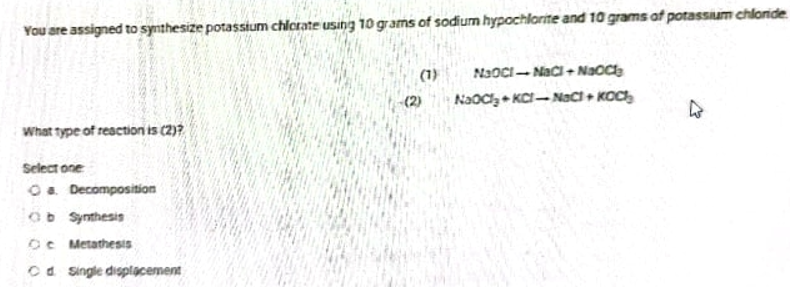 You are assigned to synthesize potassium chlcrate using 10 grams of sodium hypochlorite and 10 grams of potassium chloride
(1)
NJOCI- Naci+ Naoce
(2)
NaOC KCI-NaC + KOC
What type of reaction is (2)7
Select one
O. Decomposition
Ob Synthesis
OC Metathesis
Ca Single displacement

TASK TO CARRY OUT => From the first line to the last, repeat the records exactly and skip the pictures.

OUTPUT FOR THIS EXERCISE =>
 You are assigned to synthesize potassium chlcrate using 10 grams of sodium hypochlorite and 10 grams of potassium chloride
(1)
NJOCI- Naci+ Naoce
(2)
NaOC KCI-NaC + KOC
What type of reaction is (2)7
Select one
O. Decomposition
Ob Synthesis
OC Metathesis
Ca Single displacement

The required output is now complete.